Begin at the line containing "Irina - Velvet" and retype each line through the end of the records exactly. Include nothing else and no pictures.

Stored items:
################
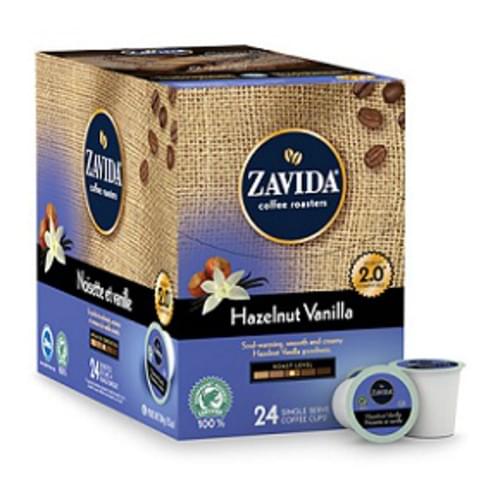 K-Cup, ZAVIDA, Hazelnut Vanilla Single Serve Coffee Cups - 24/bx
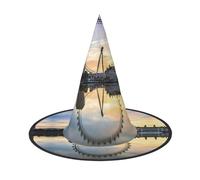 Cappello da strega di Halloween con stampa occhio di Londra, cappello pieghevole da guglia, adatto per Halloween, carnevale, feste in maschera, accessori per costumi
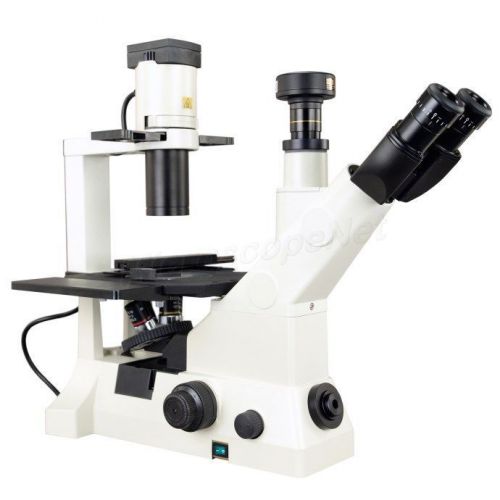 Inverted phase contrast compound microscope 40x-400x+digital 10mp usb2.0 camera for sale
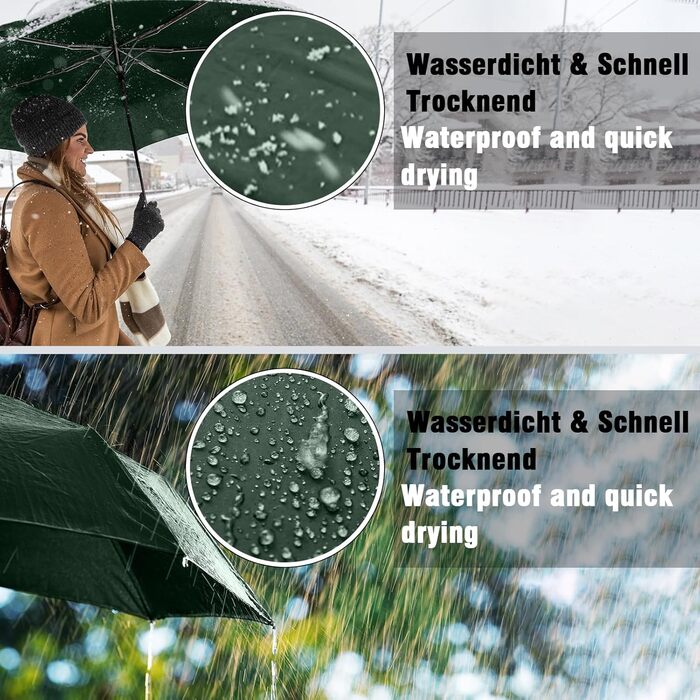 Зонт Herreicher туристичний автоматичний штормостійкий, зелений - легкий алюмінієвий каркас, компактний, 102 см, 10 ребер, для чоловіків/жінок/дітей/літніх людей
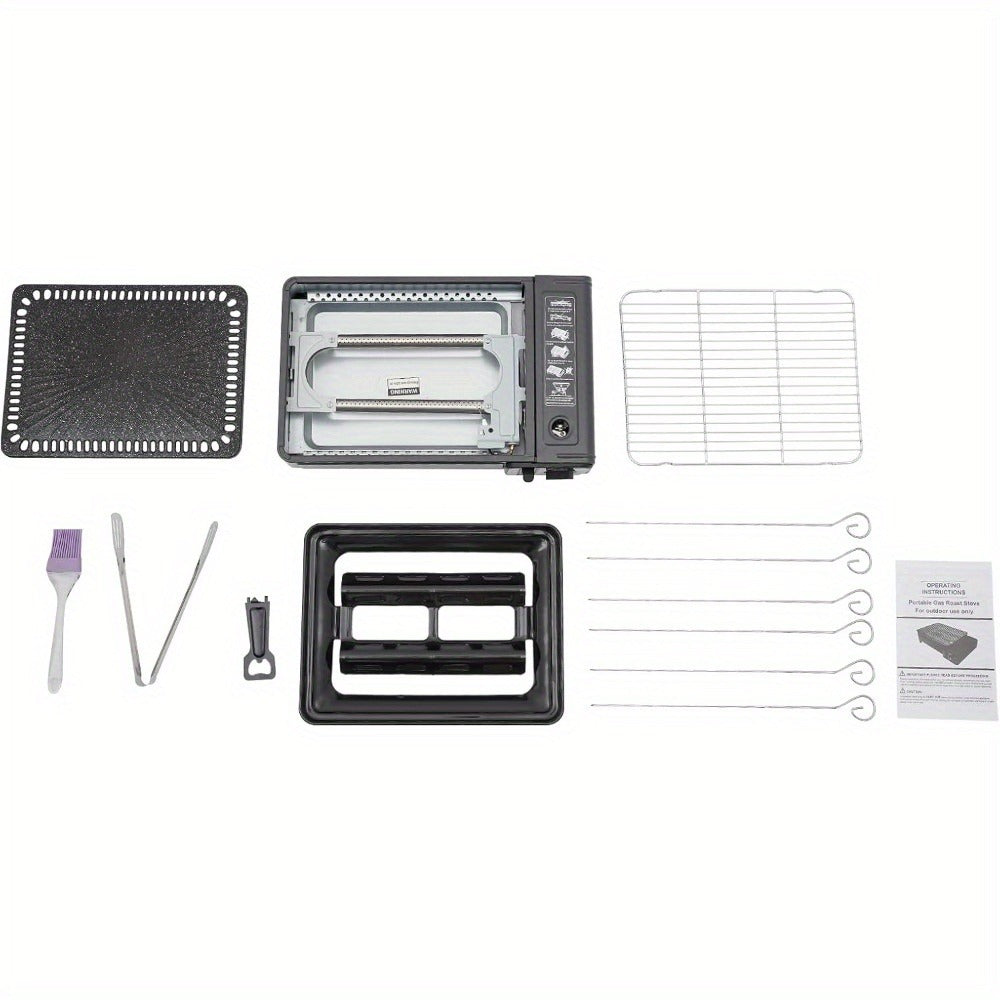 Black Dual-Fuel Tabletop Camping Grill Stove with Butane and LPG Inlets, 41.5 x 28 cm Body and Carrying Case — image 11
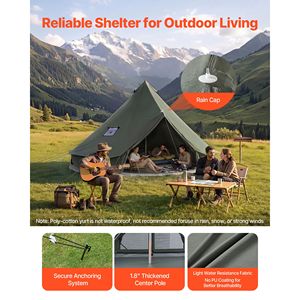 Tenda a Campana in Tela 16.4 Piedi, Tenda Yurt 4 Stagioni per Campeggio con Foro per Stufa, Impermeabile e Traspirante, Capacità 7 Persone - Product Image 4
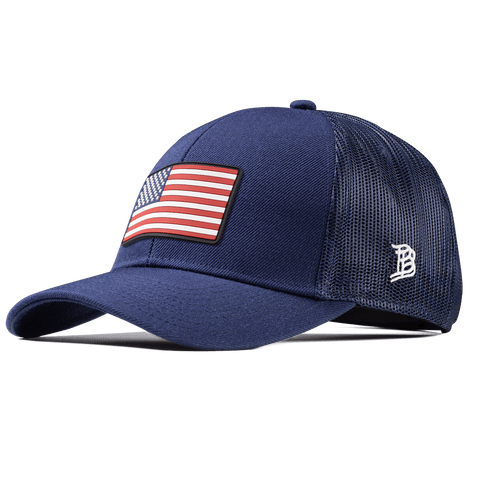 Old Glory PVC Stretch Snapback Trucker Navy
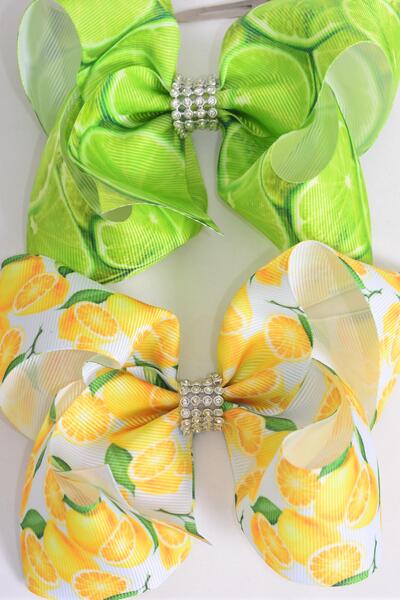 Hair Bow Jumbo Lemon Lime Mix Grosgrain Bow-tie / 12 pcs Bow = Dozen Alligator Clip , Size - 6" x 5" Wide , 6 of each Pattern , Clip Strip & UPC Code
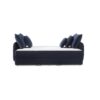 Irina - Velvet Sleeper Sectional Sofa With 3 Toss Pillows - Blue - Image 2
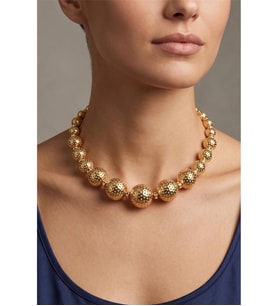 METALİZE TOP TAŞLI CHOKER KOLYE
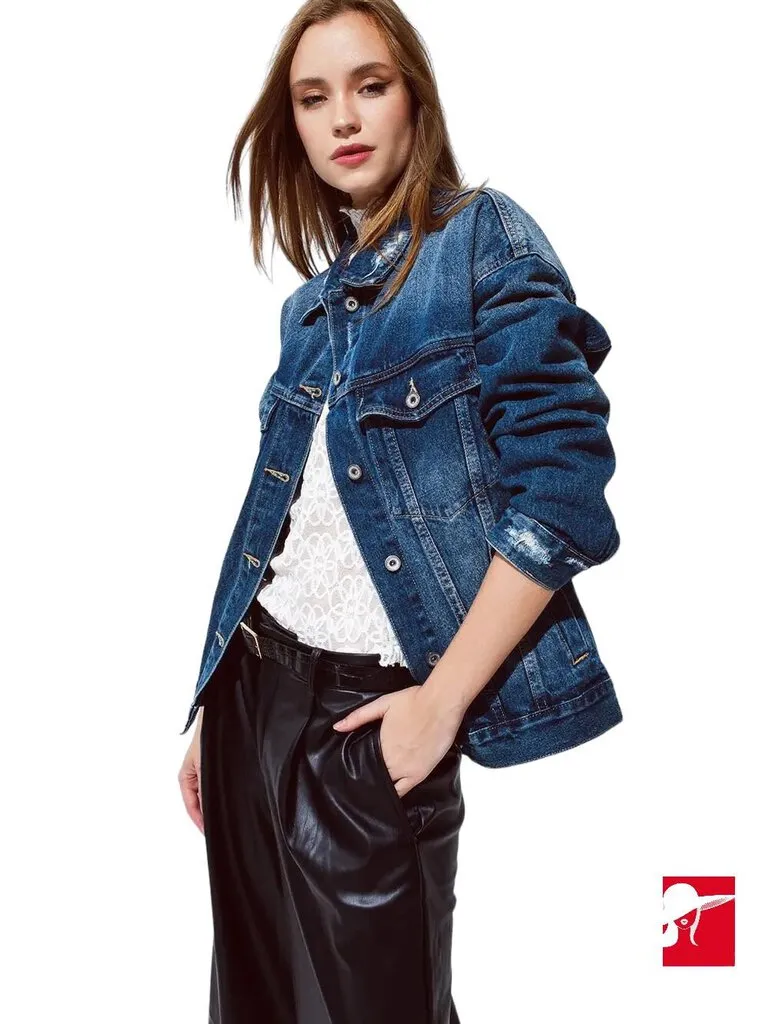 Q2 Boyfriend Relaxed Denim Jacket NEW size L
################
WRITTEN REPLY:
 Irina - Velvet Sleeper Sectional Sofa With 3 Toss Pillows - Blue - Image 2
 METALİZE TOP TAŞLI CHOKER KOLYE
 Q2 Boyfriend Relaxed Denim Jacket NEW size L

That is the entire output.